Scritto da Antonio Maccioni | 15 maggio 2013 | Oltre i fatti
Qual è il rapporto tra la diffusione in Rete delle pagine delle associazioni di volontariato e le donazioni necessarie per la realizzazione di progetti e attività? A far discutere è una campagna Unicef recentemente lanciata in Svezia e rimbalzata in tutto il mondo proprio grazie a Internet: paradosso dei paradossi. La questione è stata ripresa dal quotidiano di Boston The Atlantic e in Italia da Gabriella Meroni per il periodico Vita. In un filmato, facilmente rintracciabile su YouTube in traduzione inglese, un bimbo forse indiano o pachistano è in piedi al centro di una stanza quasi fatiscente; il fratellino, evidentemente più piccolo, si trova a terra solo, su un materasso. “Mi chiamo Rahim e ho 10 anni. Mia madre si è ammalata, e io ho paura di ammalarmi perché se mi ammalo nessuno baderà a mio fratello. Però sono ottimista perché l’Unicef svedese ha 177.000 fans su Facebook, e forse raggiungerà i 200.000 entro l’estate”. Una voce fuori campo aggiunge: “I like non salvano vite. Le donazioni sì”. Il video in questione porta l’utente a domandarsi – chiaramente attraverso una provocazione oltremodo riuscita – quale sia l’effettiva utilità dell’attivismo online nel tempo della metacomunicazione e della comunicazione indiretta, e come sia possibile raggiungere il “momento” del passaggio dal virtuale al reale. Quante vite può salvare un “mi piace” su Facebook? A quante donazioni corrisponde? “Qualcuno potrebbe dire che si tratta di una visione troppo manichea, ma la domanda rimane interessante: come far sì che i sostenitori virtuali non si limitino a un clic, sentendosi così a posto con la coscienza, ma sentano il bisogno di fare di più, aprendo il portafoglio vero e cacciando soldi veri?

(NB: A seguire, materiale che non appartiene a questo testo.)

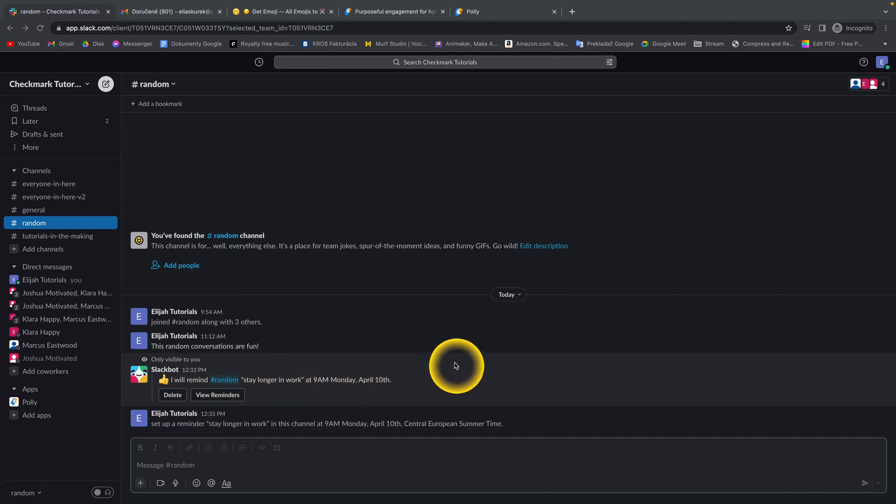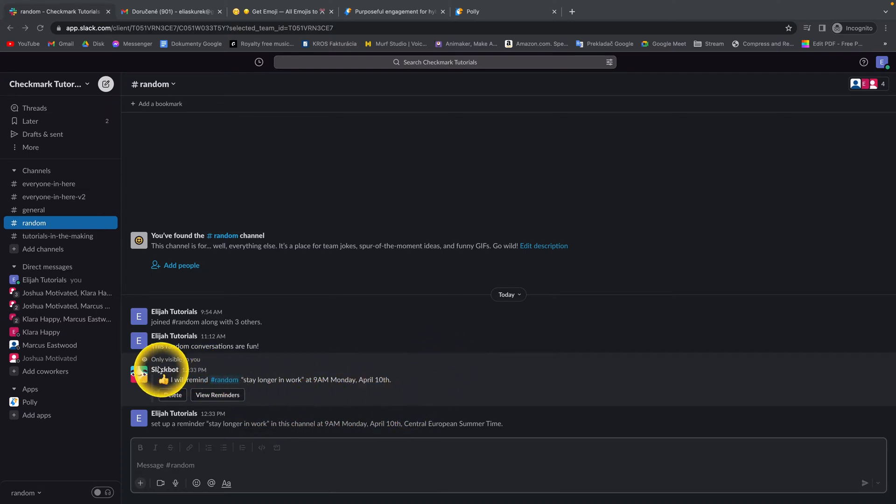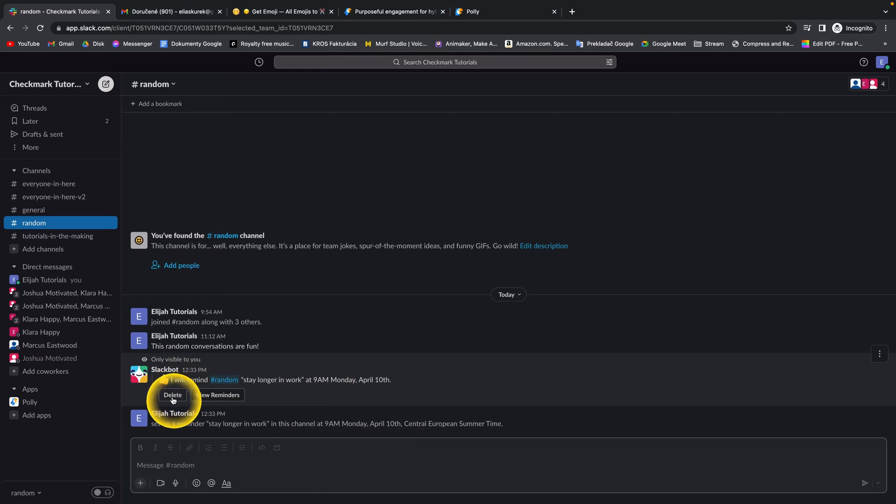So let's say I want to delete this. So when you set it up, Slackbot will write you this message and it will appear this option for you.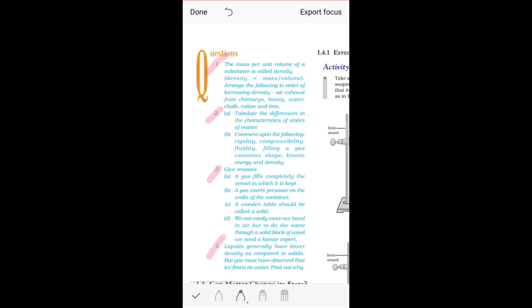Try to do these questions yourself, try to understand the language and write it properly. There are more questions which we are going to understand, but that will be done in our next class.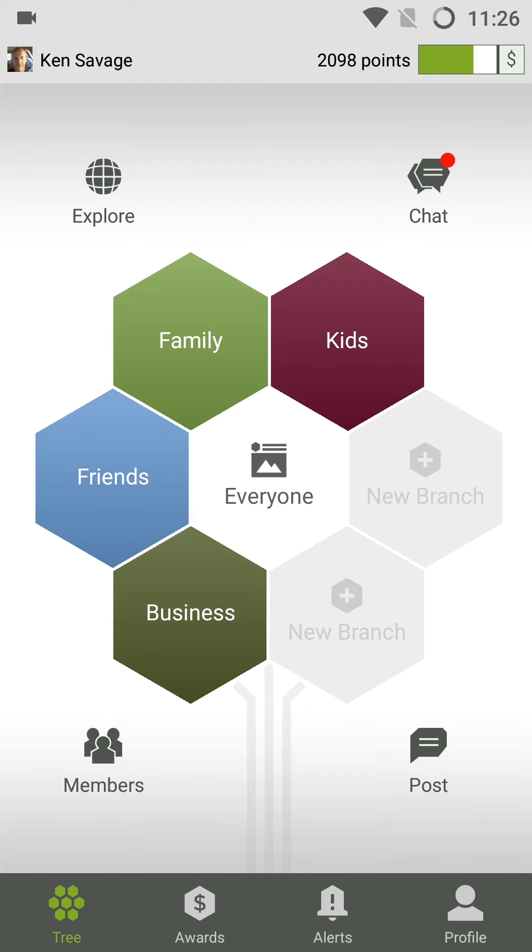TREEM provides the ability for you to post to all your contacts. In this case, I'm at the Everyone branch and I can just click on Post.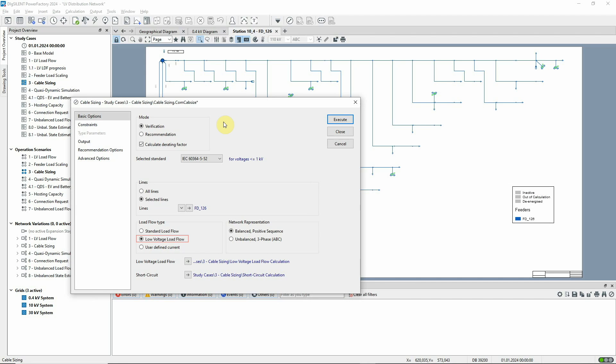The low voltage load flow will be used. If you're not familiar with this particular load flow calculation, there are two other videos in this playlist that show what it does. The balanced network representation is selected.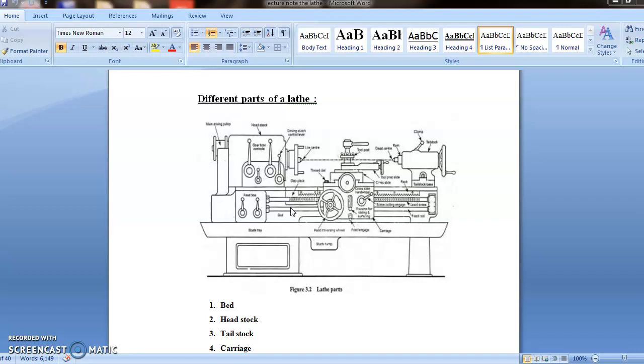The next part is the tailstock. Here you can see that is present at the right hand end of the lathe bed. It has two main functions: It supports the other end of the workpiece, and it holds a tool for performing operations like drilling, reaming, etc. For different lengths of the work, the body of tailstock can be adjusted by sliding it to the desired position and it can be clamped by means of bolt. It carries a tailstock spindle. At the front of the spindle there is a taper hole into which the dead center fits.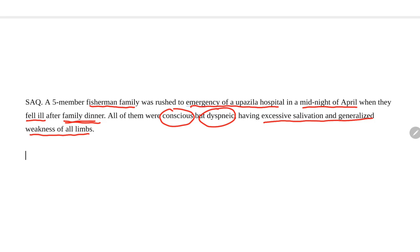What is the diagnosis? To repeat: a fisherman family, midnight, after a family dinner, they fell ill. On examination, all are conscious, having respiratory distress with excessive salivation and generalized weakness of all limbs. What is the diagnosis?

Ma soprattutto: come uscire dalla sensazione di aver fatto centro solo perché i numeri dei fans online crescono?”. 
 
Secondo la Georgetown University gli attivisti online avrebbero la stessa identica propensione a donare di tutte le altre persone, e altre indagini avrebbero dimostrato che gli stessi attivisti non potrebbero essere identificati con gli attivisti veri, e che la loro azione sarebbe puramente simbolica, per quanto importante qualora la si intenda come “primo accesso” esplorativo. La provocazione della campagna Unicef potrebbe essere trasposta sui mille campi della nostra vita reale, per quanto la polarizzazione reale-virtuale andrebbe comunque evitata: in molti casi ci si dovrebbe però domandare dove siano finiti il lavoro, gli affetti, la politica, il tempo libero. Sappiamo tutti sempre tutto di tutto ma dentro alle cose sembra non riesca a entrarci per bene più nessuno. Impieghiamo buona parte della giornata a fagocitare informazioni che non sappiamo più dove collocare, così come del “prendere parte” non sappiamo più che farcene. E se avessimo così lasciato in gestione molti degli spazi rimasti vuoti nella vita reale a mille bande e mille conventicole di mediocri senza arte né parte?